Меня часто спрашивают: на каких фронтах я воевал? На всех. Поскольку Дальняя авиация не была подчинена ни одному фронту и работала по заданиям Ставки.
Все вылеты делались в основном в позднее время суток, по ночам, ведь дальний бомбардировщик – самолёт крупный, днём он будет виден на любой высоте даже невооружённым взглядом. Взлетали, как правило, с таким расчётом, чтобы линию фронта пересечь с наступлением темноты, отбомбиться в ночи, а уже с рассветом возвращались обратно.

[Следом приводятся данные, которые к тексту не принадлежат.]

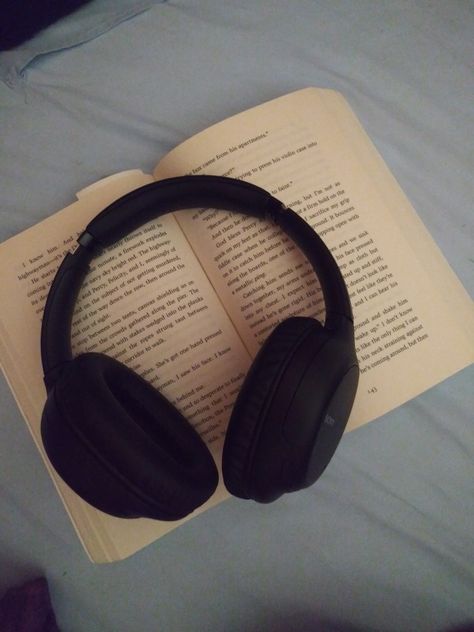 Listening To Music Images, Reading With Music, Guy Listening To Music Aesthetic, Play Music Aesthetic, Music Hobby Aesthetic, Reading While Listening To Music, Listening To Podcast Aesthetic, People Listening To Music Aesthetic, Music Listening Aesthetic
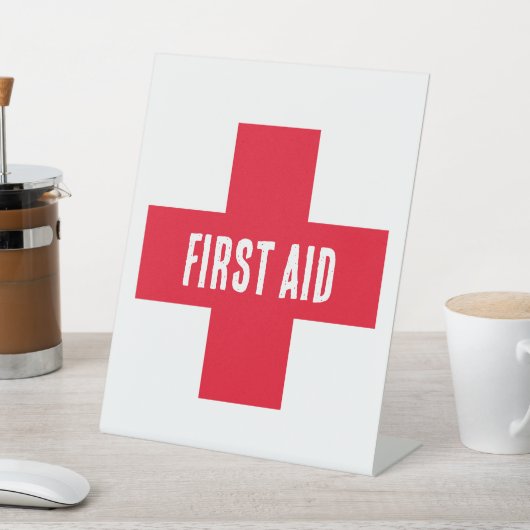 Schild des Bodens - Erste Hilfe - Rotes Kreuz (In SItu)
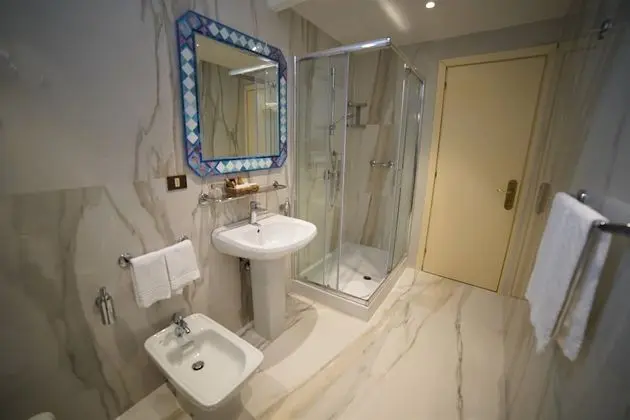 Superior Tek Büyük veya İki Ayrı Yataklı Oda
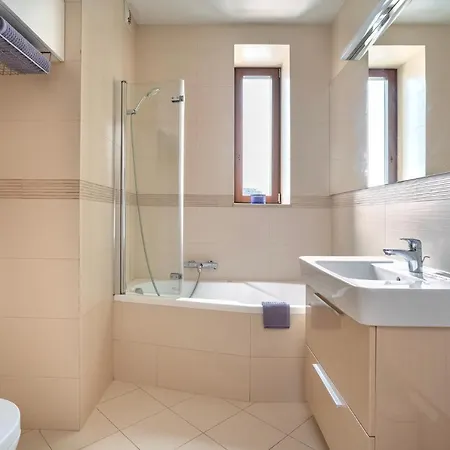 Sea Towers Apartament 27- Min 2 Noce Gdyně Exteriér fotografie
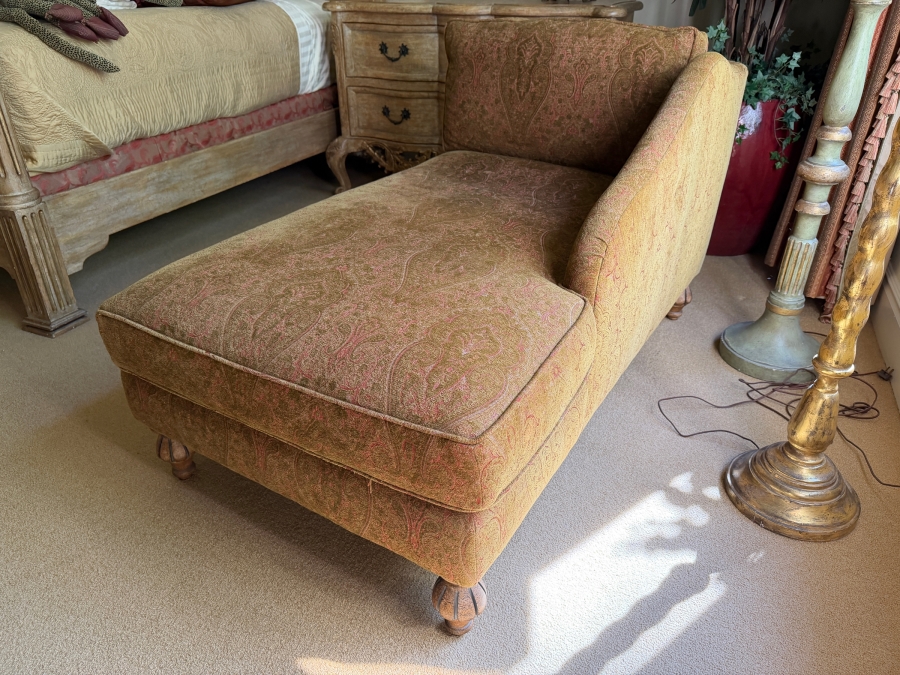 Upholstered Chaise Lounge Chair With Pair Of Throw Pillows 34'W X 65'L X 33'H [Photo 2]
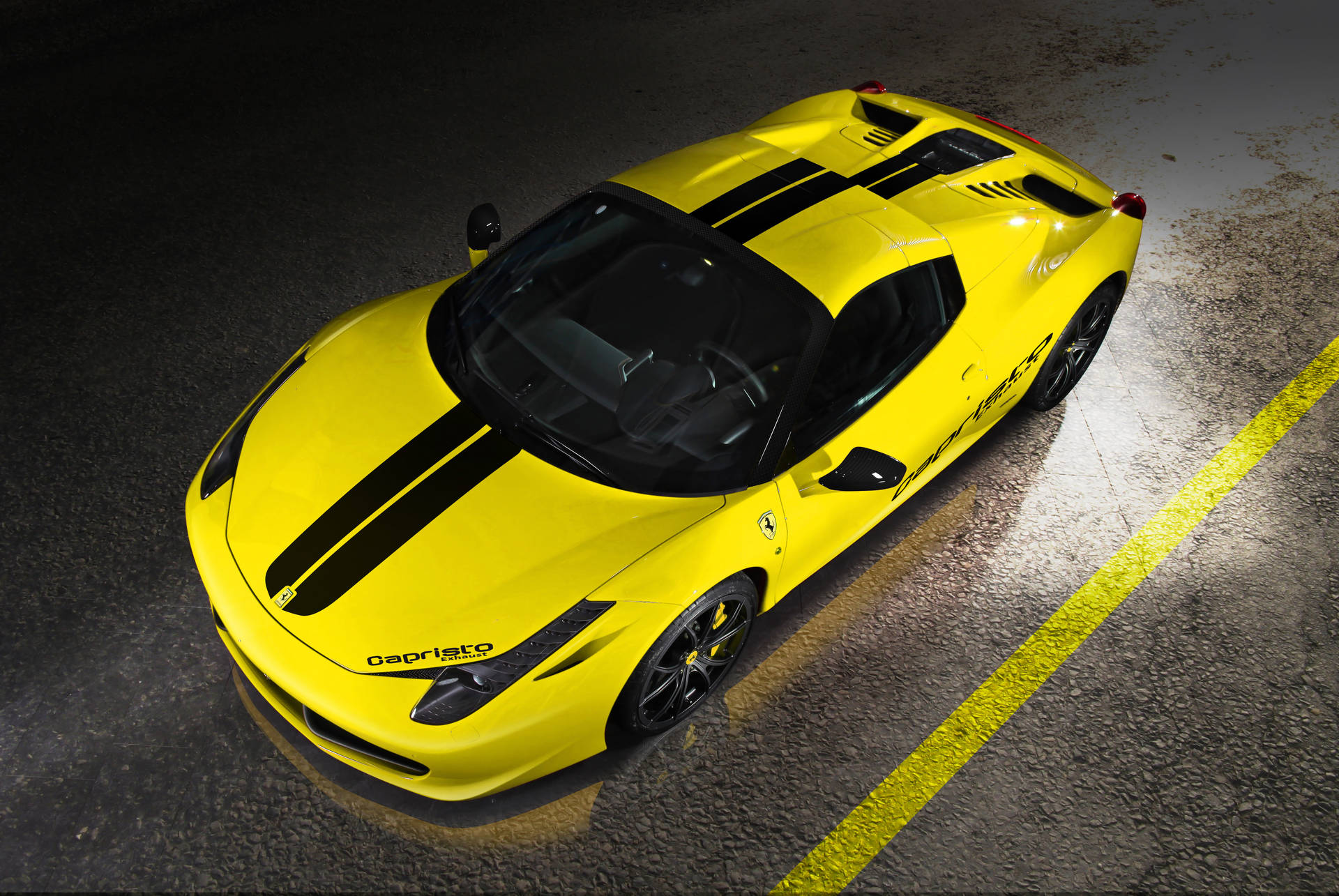 Geel Ferrari 458 Spider sportmotor variant agtergrond.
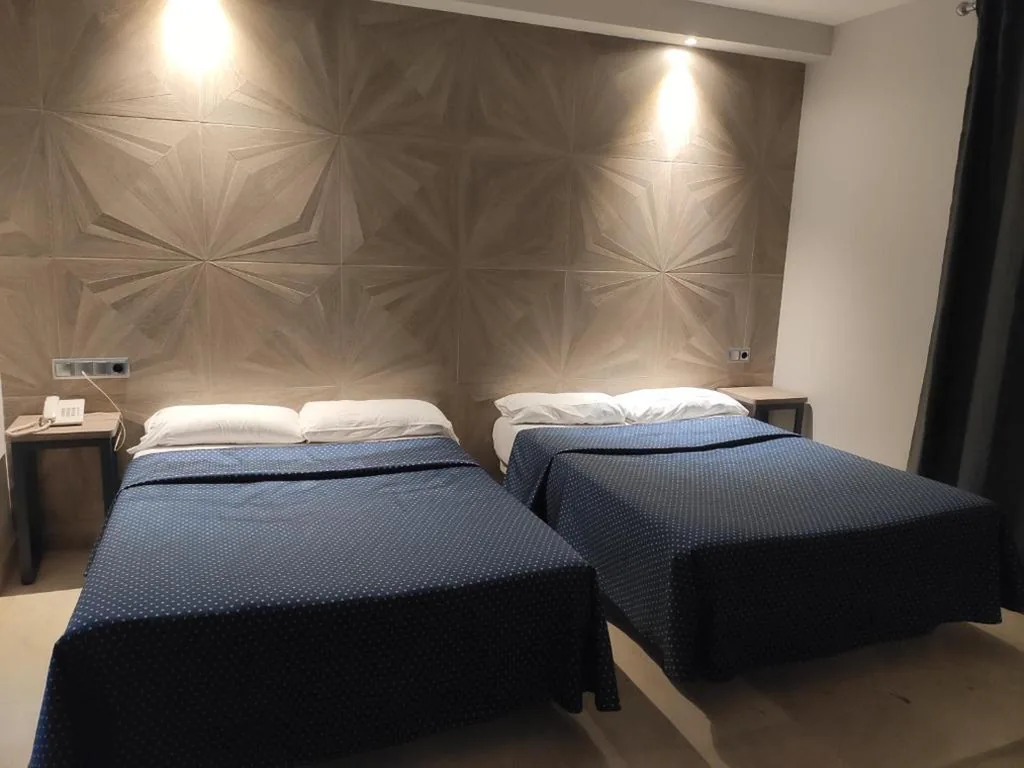 Camera Doppia Standard con letto aggiuntivo — Hotel Ciudad de Navalcarnero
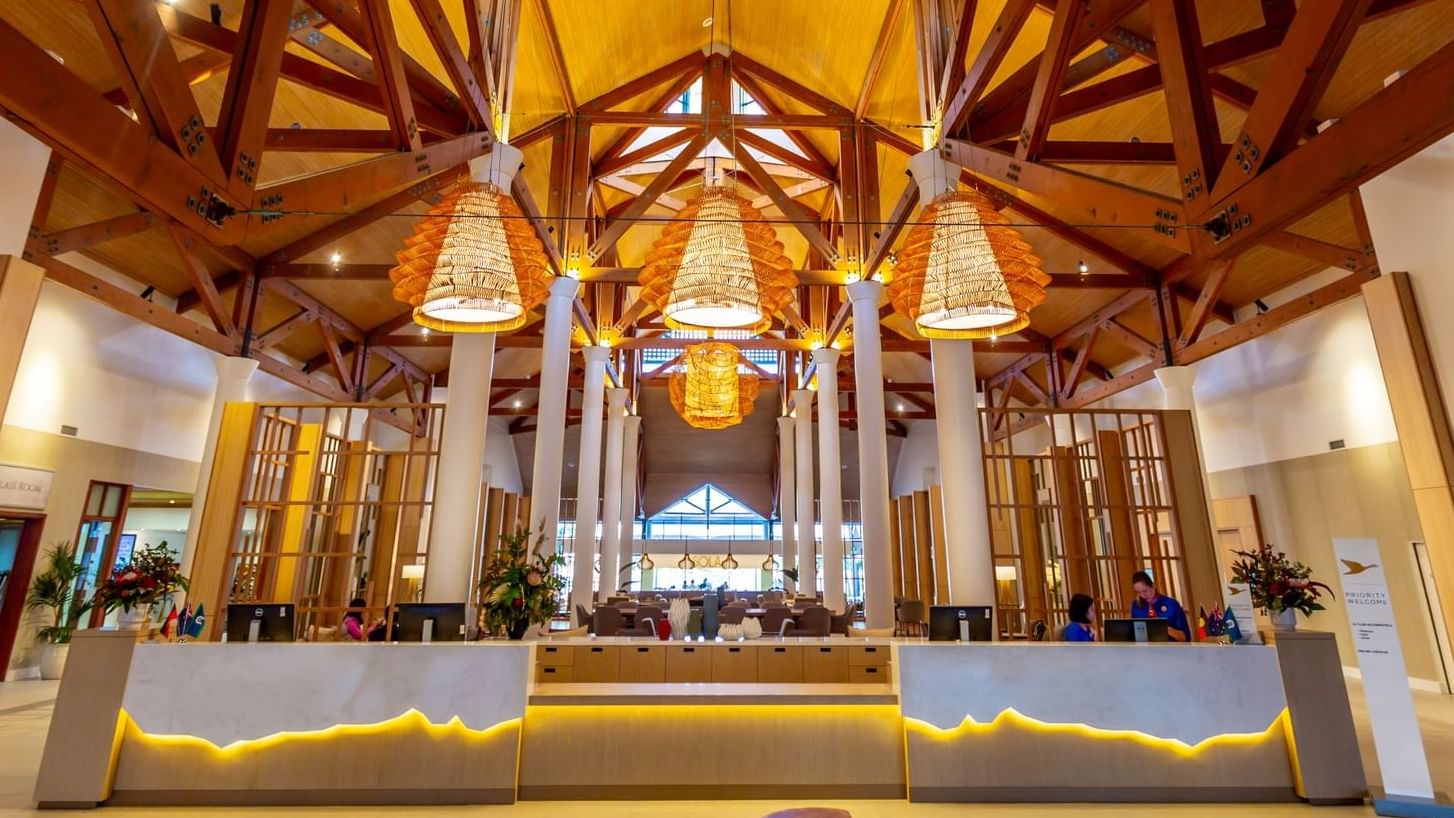 Novotel Sunshine Coast Resort Reception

Средняя продолжительность полёта составляла 6-8 часов. Из них от трети до половины времени – над территорией, занятой врагом. Уж на что, казалось бы, смелый народ лётчики, но и у нас порой колени дрожали, когда подумаешь, сколько зенитных стволов сейчас глядят на тебя снизу.
Ленинградские вылеты мне запомнились на всю жизнь. Город с осени 1941 года был в блокаде, но пока Ладога не замёрзла, никакой «Дороги жизни» не было. И лётчики стали получать задания не только бомбить фашистов, но и кормить город – доставлять провизию осаждённым. Есть у меня наглядный пример, показывающий, какое было колоссальное единство между народом и армией. Когда мы летели с продовольствием в Ленинград, в районе восточного берега Ладожского озера наш самолёт попал под обстрел германских союзников – финнов. Нам подбили мотор. Самолёты Дальней авиации – четырёхмоторные, поэтому сразу мы не упали, дотянули до Ленинграда, однако чтобы вернуться на свой аэродром, нужно было как-то подремонтироваться.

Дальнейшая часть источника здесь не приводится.